Cosa le ha lasciato il calcio dalle sue parti?
“In Argentina la prima cosa che ti insegnano è l’atteggiamento: quello non deve mai mancare. La voglia di non mollare mai anche nelle difficoltà. Il carattere, durante le partite, ci deve sempre essere. Noi argentini ce l’abbiamo nel Dna. E ancora: fare una corsa in più per il compagno, stringere i denti anche quando non siamo al meglio della condizione fisica. Un po’ come ha fatto Lautaro contro il Barcellona. Noi siamo questo. La maggior parte dei giovani argentini nascono nel “potrero”, il calcio di strada praticato in quartieri poveri. L’unica cosa che hanno è un pallone: una valvola di sfogo per stare meglio con sé stessi. Da qui deriva la voglia di dare tutto, non solo per il calcio ma per qualunque altro sport”.

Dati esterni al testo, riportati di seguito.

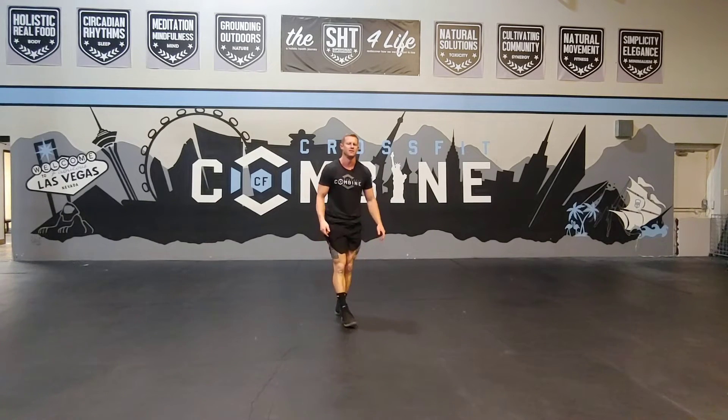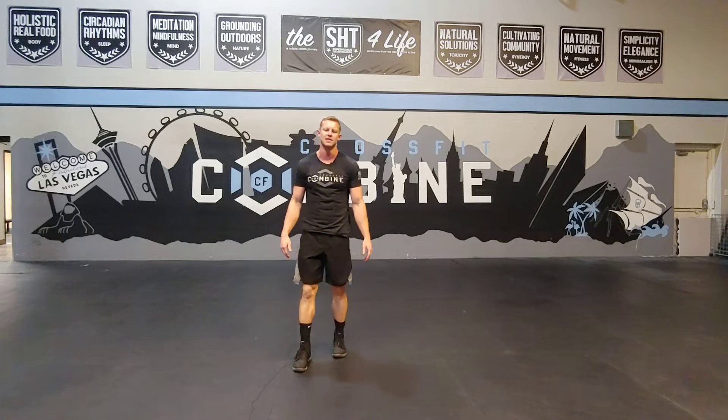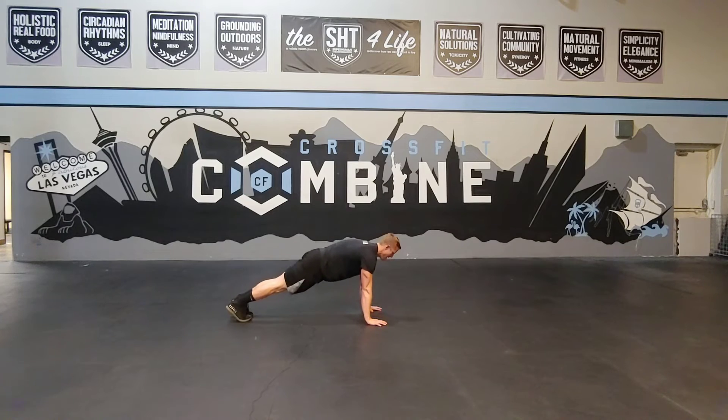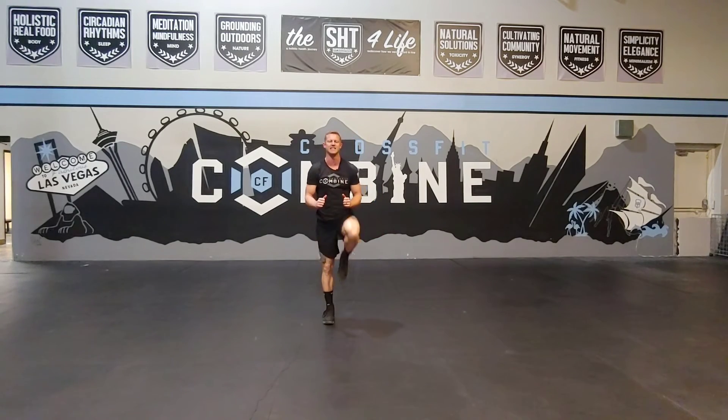After those two rounds we're going to go into two more rounds, switching up the movements. You're doing 40 mountain climbers. You'll be in your push-up position. Make sure that the hips stay low and then you're just marching the knees up like you would if you were doing high knees.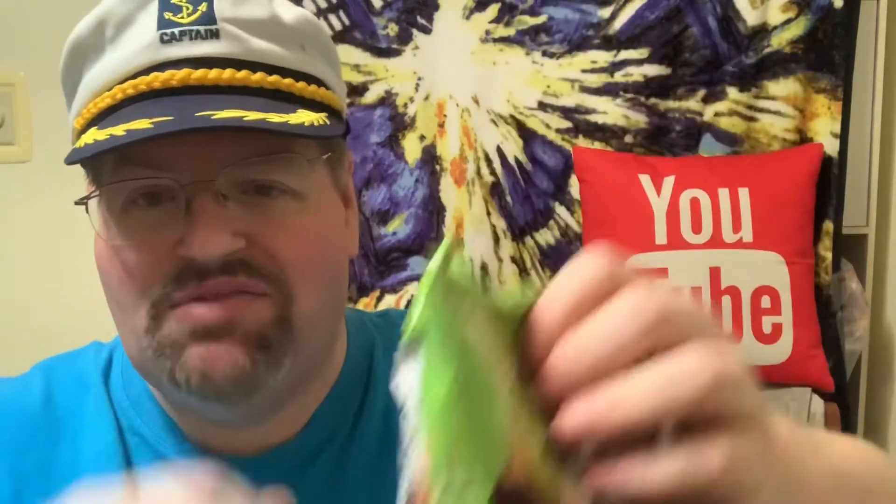I've had the Flamin' Hot Doritos, I've had the Blaze, they've had the spicy nacho — all the little ones. This is supposed to be Flamin' Hot, so we'll find out. I don't have any soda, water, or milk or anything like that on standby, so hopefully I'll survive. Alright, let's break into this bag.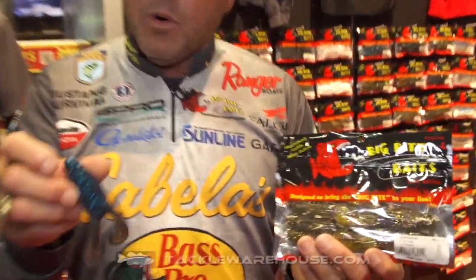Hey everyone, Mike McClellan here at ICAST 2018. You've probably heard me talk about the Tour Toad Buzz, but the thing that's really cool is the Tour Toad is also available just as an individual topwater toad.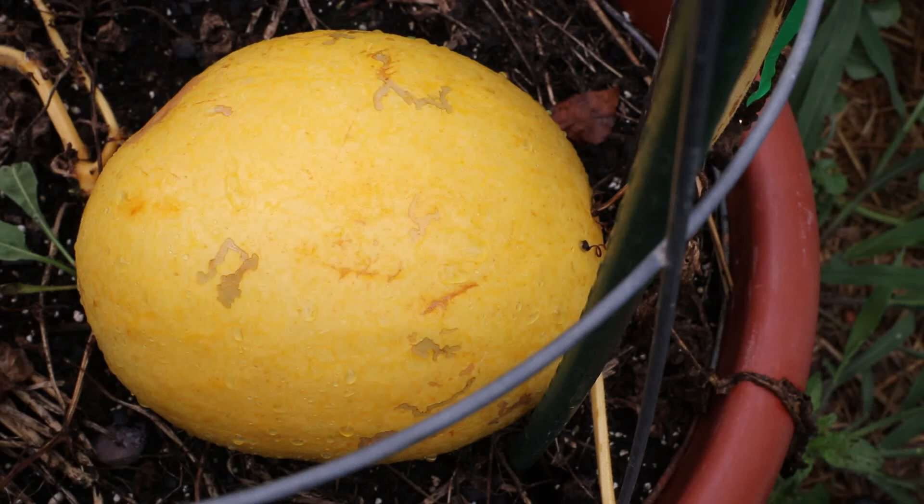Hi guys, today we're going to be harvesting this golden midget watermelon that I have grown in a container, but first I want to show you some of the other watermelons growing in containers and in the ground in my garden.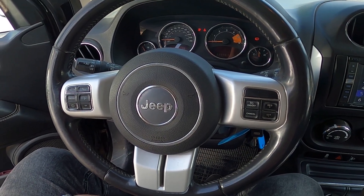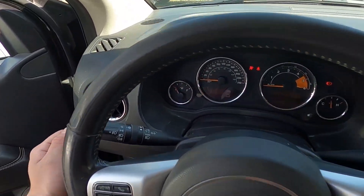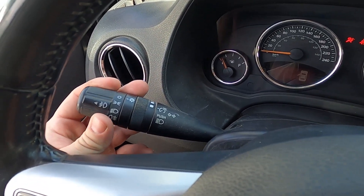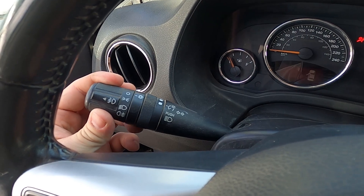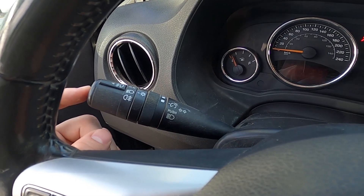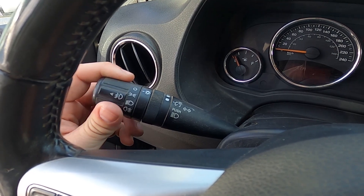In the beginning, let's take a look behind the left side of the steering wheel. Right here we've got this lever. To enable dipped beam, simply twist the top part of the lever twice downwards. Now dipped beam is enabled. To disable it, set it to OFF position.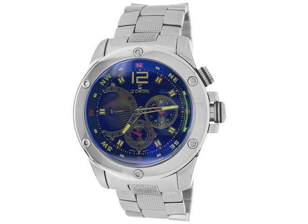A large day sub-dial with sunray details and screw accents sits at 9 o'clock, while a second sub-dial at 6 o'clock and a date sub-dial at 3 o'clock feature circular highlights and contrasting red hands.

Che rapporto ha con la famiglia?
“Sono molto legato ai miei genitori e alla mia fidanzata. Loro sanno quanto ho sofferto per arrivare fino a qui. Mi hanno sempre sostenuto, altrimenti non sarei diventato quello che sono ora. Mamma e papà li sento spesso, mi chiamano, mi chiedono come sto, mi vogliono un gran bene. Hanno avuto molta paura quando sono andato via di casa, ma ora sono fieri di me. Un’altra persona che mi è sempre stata vicina è mio zio, che è anche il mio preparatore. Mi ha sempre fatto sentire un professionista, sia in palestra che in campo."